• [Required action] What needs transcribing is the line with "Small top - Picture 1 of 2" and every line after it to the end of the records, exactly and alone, with no pictures.

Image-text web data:
:::
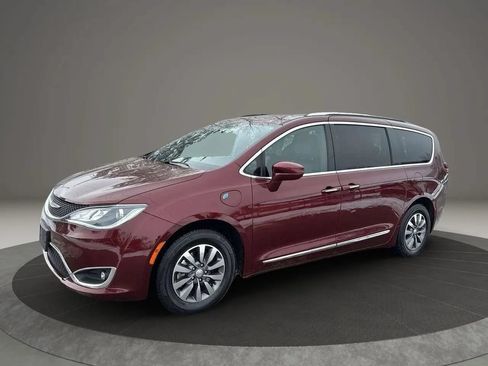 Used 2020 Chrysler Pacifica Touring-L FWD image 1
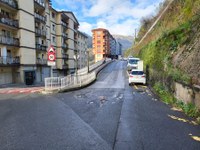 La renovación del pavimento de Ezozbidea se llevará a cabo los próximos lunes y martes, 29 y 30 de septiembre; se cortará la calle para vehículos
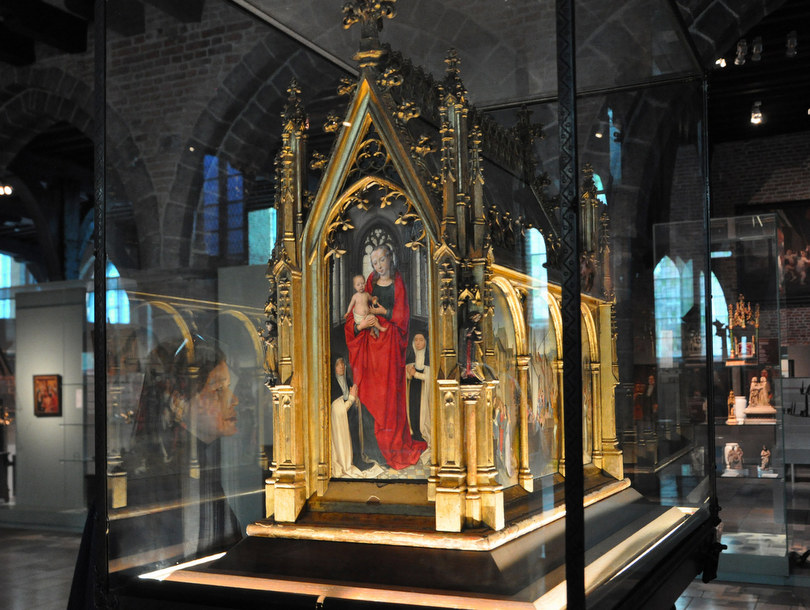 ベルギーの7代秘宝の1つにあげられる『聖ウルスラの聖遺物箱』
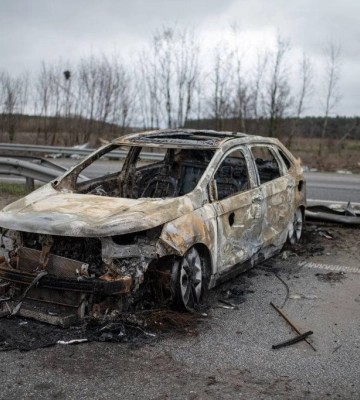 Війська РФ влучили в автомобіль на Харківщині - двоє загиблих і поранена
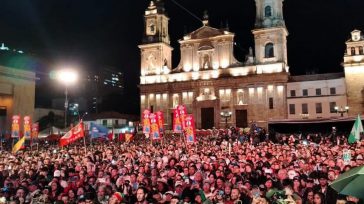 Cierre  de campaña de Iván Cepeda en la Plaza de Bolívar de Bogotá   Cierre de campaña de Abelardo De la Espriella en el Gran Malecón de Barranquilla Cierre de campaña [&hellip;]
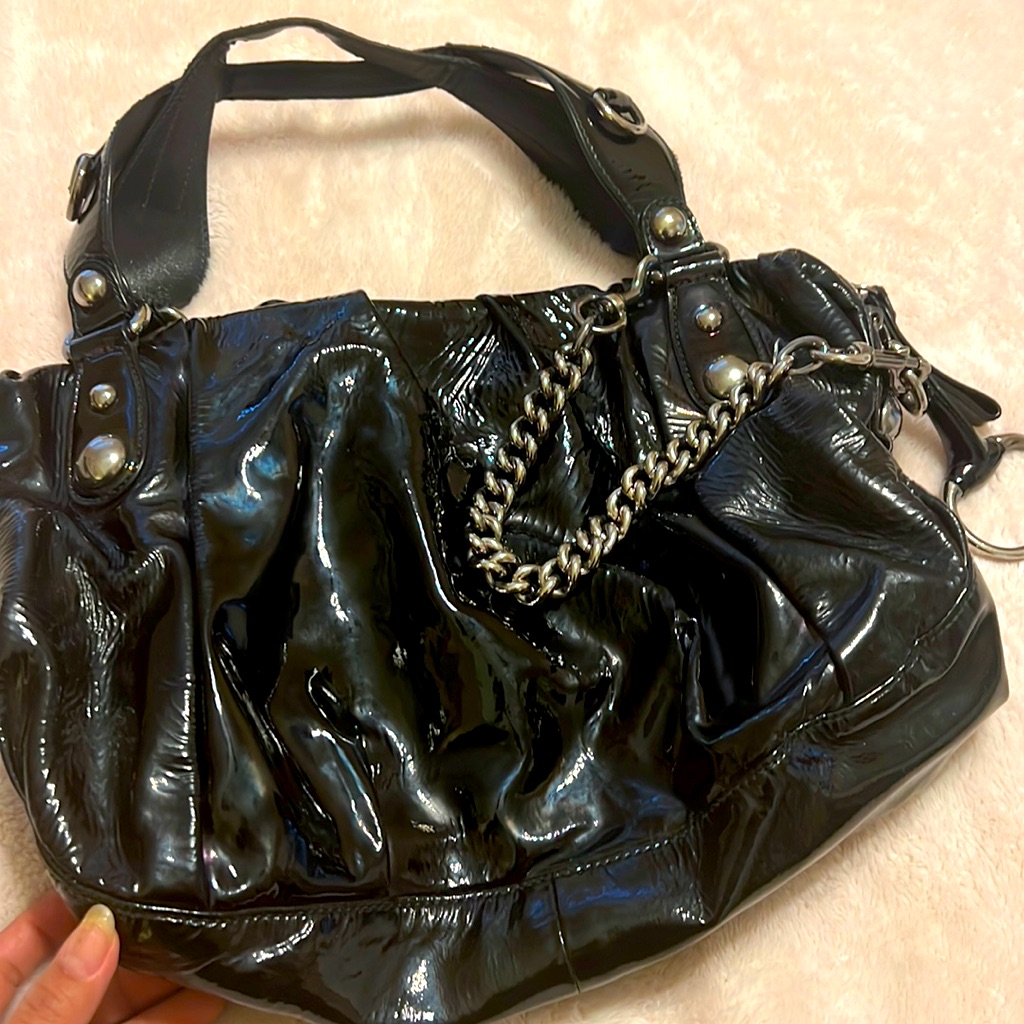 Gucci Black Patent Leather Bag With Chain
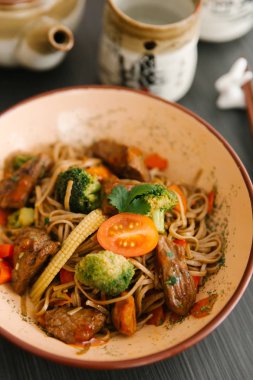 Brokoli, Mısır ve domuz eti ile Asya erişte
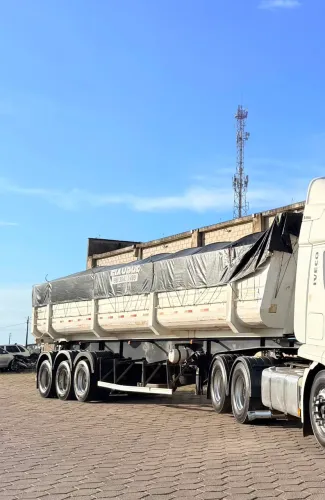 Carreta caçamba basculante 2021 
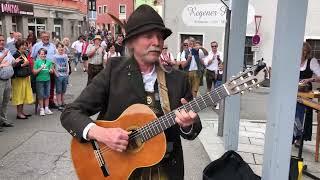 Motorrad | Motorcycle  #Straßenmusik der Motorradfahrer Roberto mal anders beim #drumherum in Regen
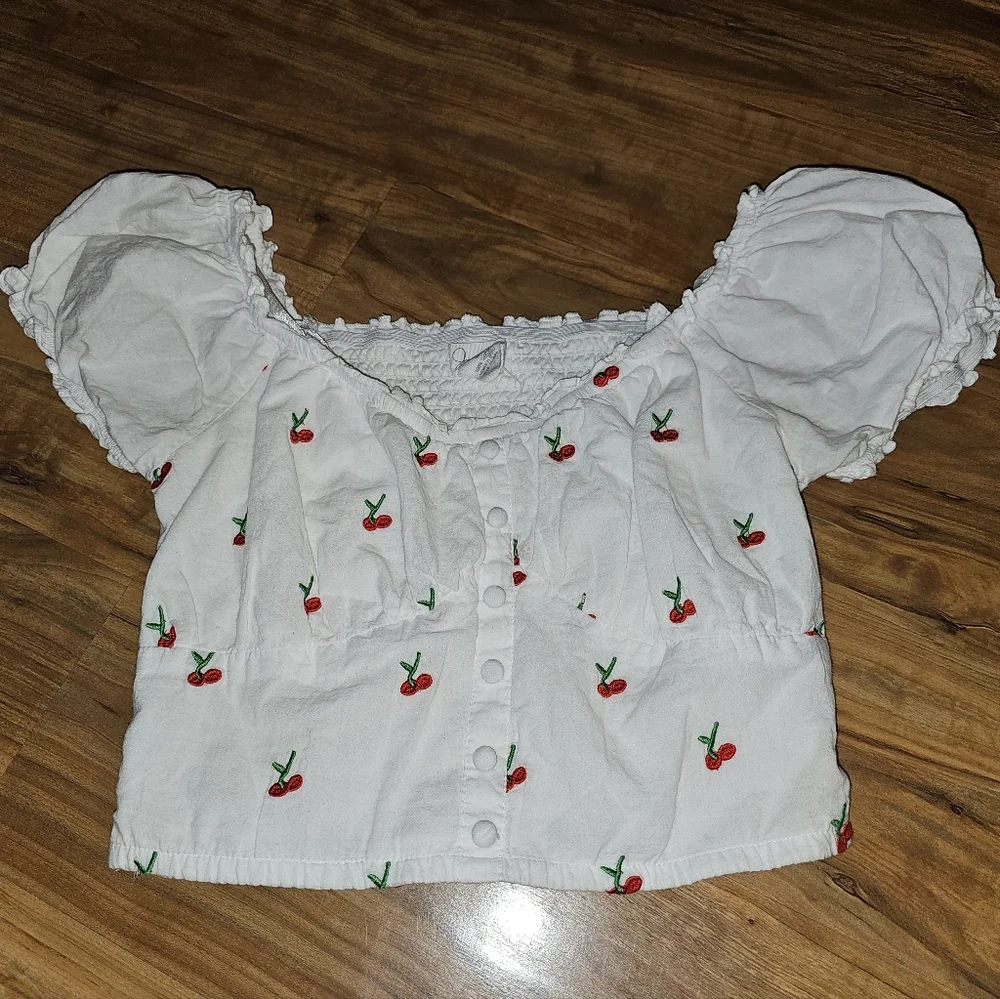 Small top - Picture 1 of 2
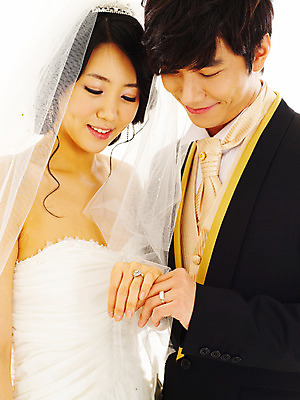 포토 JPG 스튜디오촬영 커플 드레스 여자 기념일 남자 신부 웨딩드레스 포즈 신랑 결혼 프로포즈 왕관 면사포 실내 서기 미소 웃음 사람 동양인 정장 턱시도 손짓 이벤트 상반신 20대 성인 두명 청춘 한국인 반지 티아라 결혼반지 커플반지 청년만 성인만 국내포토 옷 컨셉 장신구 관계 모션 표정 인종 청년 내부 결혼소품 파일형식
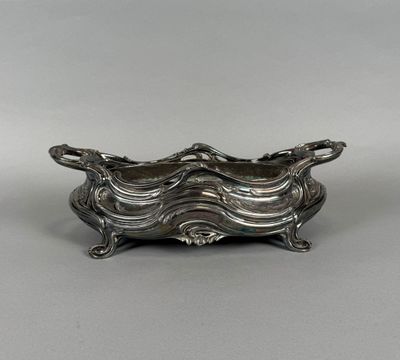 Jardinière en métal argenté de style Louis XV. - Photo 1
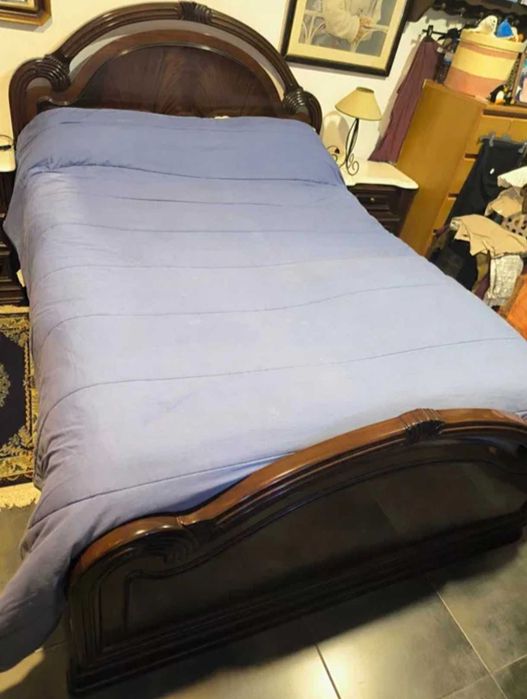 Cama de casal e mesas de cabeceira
:::
• [Your response]
 Small top - Picture 1 of 2
 포토 JPG 스튜디오촬영 커플 드레스 여자 기념일 남자 신부 웨딩드레스 포즈 신랑 결혼 프로포즈 왕관 면사포 실내 서기 미소 웃음 사람 동양인 정장 턱시도 손짓 이벤트 상반신 20대 성인 두명 청춘 한국인 반지 티아라 결혼반지 커플반지 청년만 성인만 국내포토 옷 컨셉 장신구 관계 모션 표정 인종 청년 내부 결혼소품 파일형식
 Jardinière en métal argenté de style Louis XV. - Photo 1
 Cama de casal e mesas de cabeceira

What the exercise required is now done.